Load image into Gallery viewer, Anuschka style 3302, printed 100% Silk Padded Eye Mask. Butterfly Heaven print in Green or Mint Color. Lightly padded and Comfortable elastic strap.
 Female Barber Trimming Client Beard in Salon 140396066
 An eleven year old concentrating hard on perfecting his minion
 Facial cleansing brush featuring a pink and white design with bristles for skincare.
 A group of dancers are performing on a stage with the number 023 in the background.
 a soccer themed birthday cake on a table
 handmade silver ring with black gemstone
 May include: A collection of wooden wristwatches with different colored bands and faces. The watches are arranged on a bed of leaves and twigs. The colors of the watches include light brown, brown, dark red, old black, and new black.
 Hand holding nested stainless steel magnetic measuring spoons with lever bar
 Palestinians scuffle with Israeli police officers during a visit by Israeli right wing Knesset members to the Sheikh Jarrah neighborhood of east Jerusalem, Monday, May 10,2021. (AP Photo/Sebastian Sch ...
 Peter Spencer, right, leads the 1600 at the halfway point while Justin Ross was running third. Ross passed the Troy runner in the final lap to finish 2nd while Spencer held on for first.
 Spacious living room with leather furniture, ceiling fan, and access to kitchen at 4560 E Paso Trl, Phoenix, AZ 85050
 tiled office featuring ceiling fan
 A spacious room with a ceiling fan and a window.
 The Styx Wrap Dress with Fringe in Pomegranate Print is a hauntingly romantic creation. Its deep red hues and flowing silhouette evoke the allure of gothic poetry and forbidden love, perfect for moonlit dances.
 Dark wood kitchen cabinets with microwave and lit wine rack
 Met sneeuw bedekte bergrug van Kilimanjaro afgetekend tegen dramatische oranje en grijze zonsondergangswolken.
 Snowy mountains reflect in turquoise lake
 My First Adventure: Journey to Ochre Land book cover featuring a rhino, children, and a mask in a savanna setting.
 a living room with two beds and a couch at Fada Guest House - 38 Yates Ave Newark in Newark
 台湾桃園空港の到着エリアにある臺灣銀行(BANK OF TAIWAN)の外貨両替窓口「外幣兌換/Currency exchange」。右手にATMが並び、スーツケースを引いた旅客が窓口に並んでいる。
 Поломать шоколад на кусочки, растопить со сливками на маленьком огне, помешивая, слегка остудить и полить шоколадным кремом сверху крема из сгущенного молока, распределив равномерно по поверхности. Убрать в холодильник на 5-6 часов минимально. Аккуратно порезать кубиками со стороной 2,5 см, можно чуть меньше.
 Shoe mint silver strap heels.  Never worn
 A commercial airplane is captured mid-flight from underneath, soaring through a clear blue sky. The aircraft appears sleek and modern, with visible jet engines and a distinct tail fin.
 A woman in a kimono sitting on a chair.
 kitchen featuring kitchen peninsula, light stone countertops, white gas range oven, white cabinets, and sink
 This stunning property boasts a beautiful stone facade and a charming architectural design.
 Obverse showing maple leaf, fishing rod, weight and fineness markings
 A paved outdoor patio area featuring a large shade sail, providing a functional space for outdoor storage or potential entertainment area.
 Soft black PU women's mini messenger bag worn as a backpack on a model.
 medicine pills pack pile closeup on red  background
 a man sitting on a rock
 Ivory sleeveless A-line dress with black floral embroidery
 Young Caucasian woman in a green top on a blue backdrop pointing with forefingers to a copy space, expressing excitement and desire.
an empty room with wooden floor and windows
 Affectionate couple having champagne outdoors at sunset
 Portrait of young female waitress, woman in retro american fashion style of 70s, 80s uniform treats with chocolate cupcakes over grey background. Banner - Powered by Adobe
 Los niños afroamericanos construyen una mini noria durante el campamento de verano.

------------------------------------------------------------

**YOUR GOAL:** Only the lines above starting with the one with "An eleven year" and going through the one with "May include: A" are to be copied, word for word and with both ends kept.

**YOUR RESPONSE:**
 An eleven year old concentrating hard on perfecting his minion
 Facial cleansing brush featuring a pink and white design with bristles for skincare.
 A group of dancers are performing on a stage with the number 023 in the background.
 a soccer themed birthday cake on a table
 handmade silver ring with black gemstone
 May include: A collection of wooden wristwatches with different colored bands and faces. The watches are arranged on a bed of leaves and twigs. The colors of the watches include light brown, brown, dark red, old black, and new black.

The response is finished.